Vendredi 17 avril
C’est un début de journée dans la grisaille, mais la douceur est bien présente. J’ai quand même pu apercevoir quelques étoiles lorsque Dame Cortisone m’a intimé l’ordre de me lever, de bonne heure (et, si possible, de bonne humeur).
J’ai lu une partie du pavé islandais que j’ai chargé en version numérique, et j’y prends beaucoup de plaisir. Alors, ce n’est pas un roman policier, c’est une fresque historique de l’Islande à la charnière du 19e siècle et du 20e. Il s’agit de « Soixante Kilos de soleil » et l’auteur s’appelle Hallgrimur Helgason. La vie dans un fjord du nord de l’Islande, la misère de la plupart des habitants dont l’auteur dit qu’ils vivent encore à l’âge de pierre. Mais le « progrès » arrive, inexorablement. Au début du livre, on suit la déambulation désespérée d’un personnage pris dans des tornades de neige, et qui cherche en vain sa « maison », ensevelie par la neige. Il finira par la localiser en entendant, sous ses pieds, la vache meugler dans son étable, enfin, dans la partie de la maison qui sert aussi d’étable. La puissance narrative et descriptive de cet épisode m’a fait penser au début de Germinal, lorsque Lantier découvre le pays minier. Rien à voir au niveau du récit, mais on est sur un de ces passages inoubliables. La suite du livre est dans la même veine, avec des personnages truculents. Les pasteurs qui se succèdent dans la petite paroisse sont presque tous alcooliques et ont du mal à ne pas s’écrouler avant la fin de la messe. Les miséreux sont légion, mais on trouve aussi, de façon surprenante, des paysans poètes et cultivés, fins connaisseurs des religions anciennes, qui trouvent que le Christ aurait mieux fait de se défendre à coups de hache plutôt que de tendre la joue. Bref, une vraie découverte. La rudesse du climat, la fureur des éléments sont aussi de la partie. J’aurais dû garder cela pour les journées caniculaires de juillet/août.

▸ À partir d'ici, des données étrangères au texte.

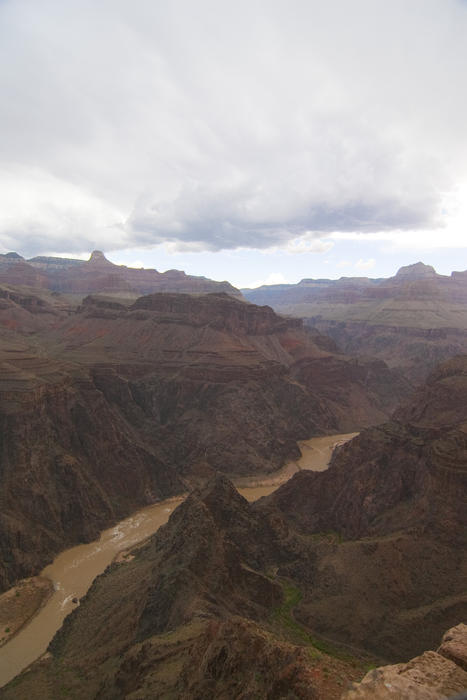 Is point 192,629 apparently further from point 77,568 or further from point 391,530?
point 77,568

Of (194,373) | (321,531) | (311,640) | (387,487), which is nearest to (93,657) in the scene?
(311,640)

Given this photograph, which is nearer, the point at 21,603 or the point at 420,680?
the point at 420,680

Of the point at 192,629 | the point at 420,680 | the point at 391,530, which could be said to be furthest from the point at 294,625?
the point at 420,680

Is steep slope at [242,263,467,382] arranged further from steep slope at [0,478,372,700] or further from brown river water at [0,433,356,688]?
steep slope at [0,478,372,700]

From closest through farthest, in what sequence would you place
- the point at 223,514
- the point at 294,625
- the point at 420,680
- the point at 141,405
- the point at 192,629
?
the point at 420,680 < the point at 192,629 < the point at 294,625 < the point at 223,514 < the point at 141,405

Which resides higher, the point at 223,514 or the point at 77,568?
the point at 223,514

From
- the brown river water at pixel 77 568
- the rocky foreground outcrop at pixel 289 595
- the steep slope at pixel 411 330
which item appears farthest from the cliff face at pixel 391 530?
the steep slope at pixel 411 330

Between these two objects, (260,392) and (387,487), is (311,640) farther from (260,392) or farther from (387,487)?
(260,392)
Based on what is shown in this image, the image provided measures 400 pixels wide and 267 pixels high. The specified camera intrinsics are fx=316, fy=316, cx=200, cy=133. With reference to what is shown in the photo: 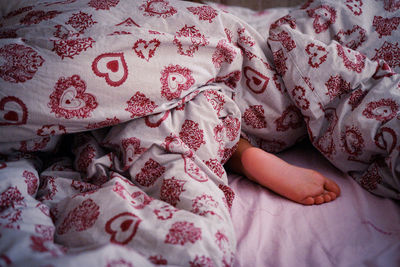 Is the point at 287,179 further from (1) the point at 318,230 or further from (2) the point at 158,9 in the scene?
(2) the point at 158,9

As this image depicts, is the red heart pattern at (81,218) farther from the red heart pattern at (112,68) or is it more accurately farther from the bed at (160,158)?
the red heart pattern at (112,68)

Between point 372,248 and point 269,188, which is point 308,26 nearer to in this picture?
point 269,188

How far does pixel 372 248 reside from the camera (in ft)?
1.93

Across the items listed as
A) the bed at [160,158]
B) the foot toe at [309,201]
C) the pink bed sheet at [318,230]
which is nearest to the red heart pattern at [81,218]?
the bed at [160,158]

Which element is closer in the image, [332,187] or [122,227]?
[122,227]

Puisque nous sommes dans la partie « littérature » du blog, qui fait partie en ce qui me concerne de la « vie après la greffe », et de la vie tout court, même pendant la greffe d’ailleurs, j’aimerais évoquer les événements chez Grasset et sa mainmise par Bolloré, après que ce dernier a aussi dénaturé l’esprit « Fayard ». Plus de 130 auteurs ont annoncé leur départ après le brutal départ d’Olivier Nora. Il convient de savoir qu’en général, on négocie le fait de vouloir récupérer ses droits, plus exactement on obtient un certificat de cession. Donc, à mon humble avis, cela ne va pas être si simple, sauf si Bolloré n’en a strictement rien à faire. Les grands noms de la liste pourraient prendre l’initiative de contacter des maisons indépendantes, il en existe encore. Le feront-ils ? Rien de moins sûr, et leurs exigences financières décourageront certainement beaucoup d’éditeurs. Il s’agit donc probablement du tout début d’un mauvais feuilleton. Cela ne risque pas de m’arriver, je ne suis qu’un petit auteur qui ne vivrait même pas quinze jours en ayant touché le fruit de ses ventes annuelles. Et cela comme 99% de mes camarades d’écriture. Nous ne jouons pas dans la même catégorie, c’est clair. Il n’empêche que ce qui vient de se passer est un vrai scandale et témoigne d’une « trumpisation » de l’univers éditorial de la sphère Bolloré.
Voici en lien le témoignage, très complet et éclairant de l’écrivain Laurent Binet.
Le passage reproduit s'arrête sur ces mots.